Johannesburg-based Kaya FM, launched 20 years ago, continues to undergo an evolution that mirrors the growth of segments of South Africa’s population who were not catered to prior to the democratic elections in 1994. Kojo Baffoe unpacks this evolution.

 

The responsibility that comes with speaking to almost a million people every week is one that Kaya FM managing director Greg Maloka takes very seriously, especially in a society where there’s a vacuum of information. ‘Kaya FM’s business model is based on being a voice for the listener and supplying the intel they need to make the right decisions,’ he says.

And that’s predicated on building a trust relationship with listeners.

‘We as a business can turn the listener into someone who’s loyal based on our recognition of their needs,’ he explains. ‘We have to understand the audience we’re talking to, what their inner conflicts are and their aspirations. We have to be the go-to person to resolve those inner conflicts. We have to position ourselves as a business that’s able to deliver on or at least drive those ambitions.’

Kaya was, when launched 20 years ago, licensed as a black radio station focused on the black middle class, a market not previously cat- ered for. Even by the time Maloka joined, 10 years ago, ‘Kaya was still very black focused,’ he says. ‘There was a tone of militancy and there was a rejection of everything “old school”, which was what white South Africa had created as a class, as a standard and as a space. There was a sense of intelligent rebellion. That’s where we were as a society at that particular time, and therefore it made sense for the time.’

Maloka, who approaches the Kaya business from the perspective of someone who grew up within those restrictive times, says, ‘Through music, through literature, we knew that something was wrong with our condition, we understood the political impact and we knew we had to get something better, but we also had to deal with the fact that we were socialised a certain way.’

Today, while the business’s core market sits at about 35 years old, there’s engagement with the 24-to-49-year-old bracket and an audience that’s older than 50. As a result, the business has to be, and is, consciously developing its model to create other platforms that ensure appeal across a spectrum of people who serve as important voices for the future of South Africa. It’s time for the station’s strong black middle-class audience to be extended into an inclusive culture that’s not driven by politics, especially the politics of race. It’s about a focus on what any ordinary person wants: the opportunity to work, to earn a living, to live life, to take care of family, and to create a legacy for their children.

One of the ways the station achieves this is shortening the distance between the business and the listener. An example is Kaya Travel. Over the last few years, the business has put together listener trips to destinations such as the French Alps, Bali, Zanzibar and the Victoria Falls in Zimbabwe, meticulously curating each experience.

‘Kaya Travel is our way of getting our people out,’ says Maloka. ‘One of the most important things about travel is how your mind opens when you see the world, when you see other people and when you see how things work in other places. The perspective that it brings to your own life is incredible. We don’t travel not because we don’t want to but because, sometimes, we don’t know how to, we don’t know where to go.’

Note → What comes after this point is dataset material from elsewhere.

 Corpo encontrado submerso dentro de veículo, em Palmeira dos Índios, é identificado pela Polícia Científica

Kaya Travel has been so success- ful that the station is now expanding into Kaya Business Travel.

Challenges remain, Maloka concedes. ‘Our business model has to be sensitive to the fact that South Africa still struggles with finding its own identity. There’s huge disagreement with regards to what that identity is, and that disconnect causes a lot of problems because, historically, business models are based on western principles and western systems. But, by hook or by crook, this country will find its identity, and this identity does not reside in what we see now. People are challenging convention at every turn.’

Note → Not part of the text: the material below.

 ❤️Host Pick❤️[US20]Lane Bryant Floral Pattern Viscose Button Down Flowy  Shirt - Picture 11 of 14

It’s this that informs Maloka’s approach to the need to create a product that’s not merely a radio station but rather a central organising principle that seeks to change the way Kaya FM’s listeners – also referred to as ‘Afropolitans’ – are socialised and what they’re exposed to. ‘If we’re to grow industry, music, the level of conversation in this country, and the appreciation of certain things that are packaged, positioned and priced correctly for the market, we can only go up,’ Maloka asserts.

Human-centred design, a key concept in product development, marketing and business in general, is at the heart of what Kaya FM has been doing over the years. It’s about being able to curate a person’s life with them, and then reflecting it back to them and allowing them to live that life. As Maloka puts it, ‘Business is about people, and if you’re not clear about the people you’re talking to, and treat them with love and respect, you shouldn’t be in the business of radio.’